The South, with limited funds, still had newspaper that circulated information eventually. In 1860 less than 10 percent of the nation’s printing establishments were in the south. The south had 70 daily newspapers out of the 387 nationwide in 1860. Only about 20 dailies survived to the end of the war, in part because the south had only a handful of paper mills and no printing press manufacturers. One the day after the bombardment of Fort Sumter in 1861, the New York Herald printed 135,000 copies about the same as the entire circulation of all the daily newspapers in the south. The Civil War strengthened a advanage in publishing in the north, mostly in New York City that would continue for more than a century. The press of the Union and the Confederacy published millions of words one every pin point of the Civil War. Hundreds of reporters chronicled the fighting one land and at sea. Others reported news from the capitals of Washington, D.C. and Richmond, Virginia. They overcame numerous challenges, including uncooperative sources and the difficulty of getting their stories back to the newspapers.

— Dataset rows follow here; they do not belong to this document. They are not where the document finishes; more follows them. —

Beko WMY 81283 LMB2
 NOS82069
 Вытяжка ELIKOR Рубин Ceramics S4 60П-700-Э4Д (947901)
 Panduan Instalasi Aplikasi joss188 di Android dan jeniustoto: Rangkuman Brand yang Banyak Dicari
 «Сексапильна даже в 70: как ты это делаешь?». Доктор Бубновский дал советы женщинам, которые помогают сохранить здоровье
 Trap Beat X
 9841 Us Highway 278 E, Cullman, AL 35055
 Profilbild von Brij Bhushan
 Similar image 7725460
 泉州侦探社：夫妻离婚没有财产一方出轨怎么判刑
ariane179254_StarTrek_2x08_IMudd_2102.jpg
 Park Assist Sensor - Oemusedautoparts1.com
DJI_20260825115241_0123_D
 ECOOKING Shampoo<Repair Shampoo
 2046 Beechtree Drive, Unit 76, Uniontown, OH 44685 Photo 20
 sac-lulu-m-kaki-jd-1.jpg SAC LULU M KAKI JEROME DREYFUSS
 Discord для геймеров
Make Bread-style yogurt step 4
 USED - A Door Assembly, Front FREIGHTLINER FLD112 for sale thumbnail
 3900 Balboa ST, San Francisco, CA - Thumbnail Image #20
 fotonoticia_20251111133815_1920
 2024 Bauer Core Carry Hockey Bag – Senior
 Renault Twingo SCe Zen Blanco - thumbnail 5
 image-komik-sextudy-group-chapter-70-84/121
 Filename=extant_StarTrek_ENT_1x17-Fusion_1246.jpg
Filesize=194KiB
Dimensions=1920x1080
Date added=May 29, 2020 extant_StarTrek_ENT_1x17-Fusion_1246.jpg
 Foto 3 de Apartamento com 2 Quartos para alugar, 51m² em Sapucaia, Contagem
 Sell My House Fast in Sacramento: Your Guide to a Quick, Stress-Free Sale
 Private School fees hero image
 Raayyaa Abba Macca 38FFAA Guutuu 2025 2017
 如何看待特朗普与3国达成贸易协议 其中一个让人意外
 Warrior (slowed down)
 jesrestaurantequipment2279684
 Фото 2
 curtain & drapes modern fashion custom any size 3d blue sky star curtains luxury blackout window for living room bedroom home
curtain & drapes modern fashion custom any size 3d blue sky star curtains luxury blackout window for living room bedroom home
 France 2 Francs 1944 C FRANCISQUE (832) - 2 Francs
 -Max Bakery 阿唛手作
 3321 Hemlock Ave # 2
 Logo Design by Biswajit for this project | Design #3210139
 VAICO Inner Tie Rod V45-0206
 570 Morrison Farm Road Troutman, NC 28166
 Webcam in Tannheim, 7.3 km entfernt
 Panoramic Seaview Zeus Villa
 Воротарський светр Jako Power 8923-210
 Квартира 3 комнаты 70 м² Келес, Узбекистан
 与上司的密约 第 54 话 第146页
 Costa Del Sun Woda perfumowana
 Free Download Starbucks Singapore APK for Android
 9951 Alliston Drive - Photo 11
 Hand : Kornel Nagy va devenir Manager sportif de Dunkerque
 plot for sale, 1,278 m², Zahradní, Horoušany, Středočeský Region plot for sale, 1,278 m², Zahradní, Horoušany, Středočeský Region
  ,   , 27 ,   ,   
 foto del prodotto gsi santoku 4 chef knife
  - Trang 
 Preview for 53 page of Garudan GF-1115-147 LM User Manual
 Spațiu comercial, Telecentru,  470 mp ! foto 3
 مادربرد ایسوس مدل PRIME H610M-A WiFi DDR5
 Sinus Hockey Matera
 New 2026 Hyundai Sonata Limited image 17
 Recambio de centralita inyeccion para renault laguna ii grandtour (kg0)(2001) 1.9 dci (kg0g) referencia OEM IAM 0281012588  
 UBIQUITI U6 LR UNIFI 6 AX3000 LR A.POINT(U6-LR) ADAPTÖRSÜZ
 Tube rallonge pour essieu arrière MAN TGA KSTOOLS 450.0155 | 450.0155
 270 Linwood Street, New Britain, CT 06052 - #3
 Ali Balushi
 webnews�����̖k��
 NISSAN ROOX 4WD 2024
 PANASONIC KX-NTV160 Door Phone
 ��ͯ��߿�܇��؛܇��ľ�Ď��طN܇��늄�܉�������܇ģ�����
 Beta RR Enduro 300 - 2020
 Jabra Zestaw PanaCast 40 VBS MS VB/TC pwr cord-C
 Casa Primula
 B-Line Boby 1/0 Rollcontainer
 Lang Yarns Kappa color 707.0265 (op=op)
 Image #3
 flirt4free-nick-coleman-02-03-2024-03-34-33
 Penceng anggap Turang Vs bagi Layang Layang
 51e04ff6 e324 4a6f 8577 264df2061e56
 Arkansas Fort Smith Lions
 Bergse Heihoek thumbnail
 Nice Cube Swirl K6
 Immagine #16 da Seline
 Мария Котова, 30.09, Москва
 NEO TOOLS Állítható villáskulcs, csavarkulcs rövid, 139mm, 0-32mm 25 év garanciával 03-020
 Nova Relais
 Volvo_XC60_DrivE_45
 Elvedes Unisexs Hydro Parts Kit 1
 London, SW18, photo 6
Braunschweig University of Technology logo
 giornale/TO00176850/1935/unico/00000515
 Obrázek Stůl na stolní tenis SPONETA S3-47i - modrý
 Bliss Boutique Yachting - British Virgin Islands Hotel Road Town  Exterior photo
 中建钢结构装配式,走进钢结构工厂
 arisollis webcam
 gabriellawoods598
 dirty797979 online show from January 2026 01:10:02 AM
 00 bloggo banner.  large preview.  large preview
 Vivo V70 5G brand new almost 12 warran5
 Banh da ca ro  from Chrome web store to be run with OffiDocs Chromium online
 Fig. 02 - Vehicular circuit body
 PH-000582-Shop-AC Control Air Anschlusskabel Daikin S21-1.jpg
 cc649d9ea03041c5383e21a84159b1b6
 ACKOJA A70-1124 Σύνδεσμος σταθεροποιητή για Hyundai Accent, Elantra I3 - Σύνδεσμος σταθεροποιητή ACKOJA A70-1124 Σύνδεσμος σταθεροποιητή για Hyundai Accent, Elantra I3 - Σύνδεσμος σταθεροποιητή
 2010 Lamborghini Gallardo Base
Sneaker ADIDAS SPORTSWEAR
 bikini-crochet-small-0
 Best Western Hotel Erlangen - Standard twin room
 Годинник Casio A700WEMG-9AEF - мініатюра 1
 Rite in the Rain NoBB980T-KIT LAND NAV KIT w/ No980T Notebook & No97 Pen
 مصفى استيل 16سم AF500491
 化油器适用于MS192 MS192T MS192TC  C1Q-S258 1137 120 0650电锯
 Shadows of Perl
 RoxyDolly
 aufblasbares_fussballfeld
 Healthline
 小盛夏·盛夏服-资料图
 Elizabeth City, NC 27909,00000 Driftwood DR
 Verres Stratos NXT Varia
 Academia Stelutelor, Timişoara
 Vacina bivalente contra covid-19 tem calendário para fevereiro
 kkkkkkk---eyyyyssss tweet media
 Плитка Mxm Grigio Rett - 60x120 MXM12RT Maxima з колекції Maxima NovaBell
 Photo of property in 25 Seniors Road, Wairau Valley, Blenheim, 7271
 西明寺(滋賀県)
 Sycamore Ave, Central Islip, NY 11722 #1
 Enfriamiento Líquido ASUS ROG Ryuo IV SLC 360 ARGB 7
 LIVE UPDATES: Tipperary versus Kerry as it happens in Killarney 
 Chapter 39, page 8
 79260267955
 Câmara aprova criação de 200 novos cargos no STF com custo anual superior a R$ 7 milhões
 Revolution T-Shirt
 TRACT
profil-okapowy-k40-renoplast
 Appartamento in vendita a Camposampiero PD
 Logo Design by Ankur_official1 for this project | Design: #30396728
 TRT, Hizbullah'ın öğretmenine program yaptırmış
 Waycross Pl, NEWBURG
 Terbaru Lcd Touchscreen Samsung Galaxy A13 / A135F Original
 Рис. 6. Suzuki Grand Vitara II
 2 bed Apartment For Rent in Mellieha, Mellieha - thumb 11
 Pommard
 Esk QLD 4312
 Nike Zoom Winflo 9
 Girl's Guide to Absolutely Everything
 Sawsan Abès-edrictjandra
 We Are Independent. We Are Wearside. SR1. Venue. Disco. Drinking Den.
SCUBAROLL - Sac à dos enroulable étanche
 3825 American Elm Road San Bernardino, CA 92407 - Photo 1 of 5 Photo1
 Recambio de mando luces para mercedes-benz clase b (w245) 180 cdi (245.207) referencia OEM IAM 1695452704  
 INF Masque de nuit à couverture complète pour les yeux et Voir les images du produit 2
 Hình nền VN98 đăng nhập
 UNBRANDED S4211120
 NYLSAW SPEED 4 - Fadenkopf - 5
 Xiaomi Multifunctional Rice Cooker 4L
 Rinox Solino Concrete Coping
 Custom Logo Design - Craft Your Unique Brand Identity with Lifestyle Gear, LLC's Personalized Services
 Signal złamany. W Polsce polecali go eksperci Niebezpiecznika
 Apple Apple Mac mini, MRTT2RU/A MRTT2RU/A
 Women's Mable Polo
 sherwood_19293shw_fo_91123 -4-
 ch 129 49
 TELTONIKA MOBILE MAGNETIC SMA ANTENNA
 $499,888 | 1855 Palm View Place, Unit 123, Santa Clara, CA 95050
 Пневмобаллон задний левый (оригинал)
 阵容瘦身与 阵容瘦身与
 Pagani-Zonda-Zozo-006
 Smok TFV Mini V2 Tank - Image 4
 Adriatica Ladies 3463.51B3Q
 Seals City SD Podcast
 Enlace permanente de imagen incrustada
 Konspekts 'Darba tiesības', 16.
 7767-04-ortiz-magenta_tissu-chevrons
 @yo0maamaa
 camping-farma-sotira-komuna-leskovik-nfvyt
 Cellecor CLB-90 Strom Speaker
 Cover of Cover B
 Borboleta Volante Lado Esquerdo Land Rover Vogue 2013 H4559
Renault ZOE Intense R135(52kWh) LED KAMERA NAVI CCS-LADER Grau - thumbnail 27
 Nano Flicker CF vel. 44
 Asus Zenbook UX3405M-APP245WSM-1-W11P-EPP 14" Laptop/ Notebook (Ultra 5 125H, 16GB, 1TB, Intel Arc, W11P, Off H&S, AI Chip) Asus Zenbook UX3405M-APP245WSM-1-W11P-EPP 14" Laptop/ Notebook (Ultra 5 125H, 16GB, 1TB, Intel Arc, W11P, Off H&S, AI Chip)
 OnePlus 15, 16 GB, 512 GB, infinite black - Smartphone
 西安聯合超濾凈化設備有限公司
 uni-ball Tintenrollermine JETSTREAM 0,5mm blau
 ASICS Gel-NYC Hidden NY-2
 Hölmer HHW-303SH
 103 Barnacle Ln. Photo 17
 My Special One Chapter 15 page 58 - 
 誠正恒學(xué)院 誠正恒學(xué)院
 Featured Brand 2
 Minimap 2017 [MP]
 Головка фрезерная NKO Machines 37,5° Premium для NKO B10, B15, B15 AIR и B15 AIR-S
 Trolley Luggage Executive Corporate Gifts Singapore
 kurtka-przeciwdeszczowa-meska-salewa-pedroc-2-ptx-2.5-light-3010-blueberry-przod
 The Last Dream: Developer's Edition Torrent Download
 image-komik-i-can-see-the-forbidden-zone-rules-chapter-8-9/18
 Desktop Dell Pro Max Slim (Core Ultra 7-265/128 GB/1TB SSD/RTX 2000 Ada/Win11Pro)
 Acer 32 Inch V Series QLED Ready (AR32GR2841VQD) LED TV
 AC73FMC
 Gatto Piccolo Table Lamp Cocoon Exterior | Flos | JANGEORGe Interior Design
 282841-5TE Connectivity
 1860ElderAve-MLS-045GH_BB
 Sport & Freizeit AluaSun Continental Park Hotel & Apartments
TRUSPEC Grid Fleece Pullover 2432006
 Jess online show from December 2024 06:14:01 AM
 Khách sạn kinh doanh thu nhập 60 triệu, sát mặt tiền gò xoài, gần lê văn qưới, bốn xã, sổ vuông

In the 1850s American newspapers employed a few paid correspondents and writers, but it was during the Civil War that newspaper reporting dramatically came of age. Though newspaper reporting had never been a profession that requires specialized training or certification, during war reporters just took the professional look. The art of war reporting, then as now, required a mastery of logistics as well as of reporting and writing. Like the army generals, the journalist who covered the Civil War depended one telegraphs, railroads, and horses. The enemy’s task often achieved was to cut off all means of communication. For example, George W. Smalley of the New York Tribune, was unable to get a telegraph connection. So, he wrote what is usually considered the best story of the Battle of Antietam by the light of a small oil lamp one a military train from Baltimore to New York. If reporting for the northern newspapers was a logistical struggle, it was a nightmare for the south who had very low resources without many printing factories.

Telegraph and railroad connections were sparse and unreliable. Throughout the war, the New York Herald alone regularly had more than 40 reporters on the field of battle. In the field, correspondents endured hardships and dangerous encounters. Several newsmen were killed covering the fighting and others were captured. Although many of the accounts by correspondents honestly and amazingly chronicled the war, some newspapers were known to falsely report casualty rates or results of battle. Late in the war, confederate troops received most of their news through the papers because commanders refused to relay reports of the union victories. Tiredless newsmen went to great lengths to report stories one deadline and displayed considerable enterprise to describe the war in very detailed parts. Many of the biggest battles including, Shiloh, Antietam, Fredericksburg, and Gettysburg seemed to bring out some of the best work by correspondents one both North and South. This all being said, Printed Media was and played a very important part in the Civil War. Not many people know of the importance Media had back then now that it’s out of hand in present day. So, with the research I have done, I conclude that Printed Media was ever so important then as it is now.